Monday, December 12, 2005

Question:

Is this a date?

Here's what happened:

After church last night, I was chatting with a couple of guy friends and one suggested we all go watch a movie at his house. It sounded fabulous to me, but not-so-fabulous to the other, who opted out in order to get some reading done. We called our respective roommates to invite them, but they were all working/busy/ill. So, the movie-minded friend of mine looked at me and said, "Well, do you still want to come?" I said, "Sure."

My thoughts at this point: There were no date-intentions at the outset, so it won't be awkward unless I make it awkward by being weird about it. It is not a date.

But then, the opted-out looked at me and said, "Umm... won't that be weird?"

Now it will.
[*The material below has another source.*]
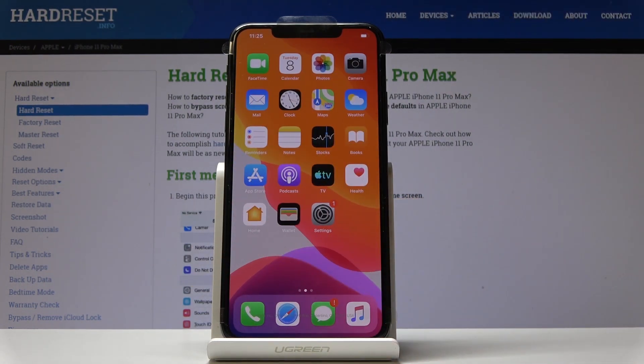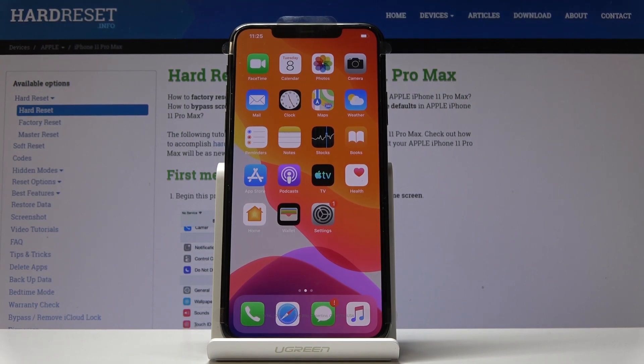So that would be all. This is how you can reset home screen layout on your iPhone 11 Pro Max. Thank you for watching. Please subscribe to our channel and leave a thumbs up.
Thanks.

So the movie-mind said, "Hmm... why don't we do it another time?"

I said, "Sure, sounds good." Because I really didn't care a whole lot either way.

So the question is: is it, in fact, weird for two friends of the opposite gender to hang out alone (granted, late at night and in the dark) when there were no romantic intentions? I didn't think so. But I want to hear opinions.

It should probably be noted that Mr. Opted-out is a Former You-Know-What of mine, and Mr. Movie-mind his best friend. You know, just to spice things up a little.

2 comments:

Jenevieve said...

I don't think it would be weird. Then again, the one person of the opposite gender with whom I spent a lot of time (including movie-watching) without dating eventually became my husband. So maybe I should just shut my mouth.

Andrew Seely said...

I have a friend (who's female) who has a theory that it's near impossible to have opposite sex relationships without one of the parties having some sort of romantic feelings for the other.

I don't know if I totally agree, but I do know that it's happened on more than one occasion for myself.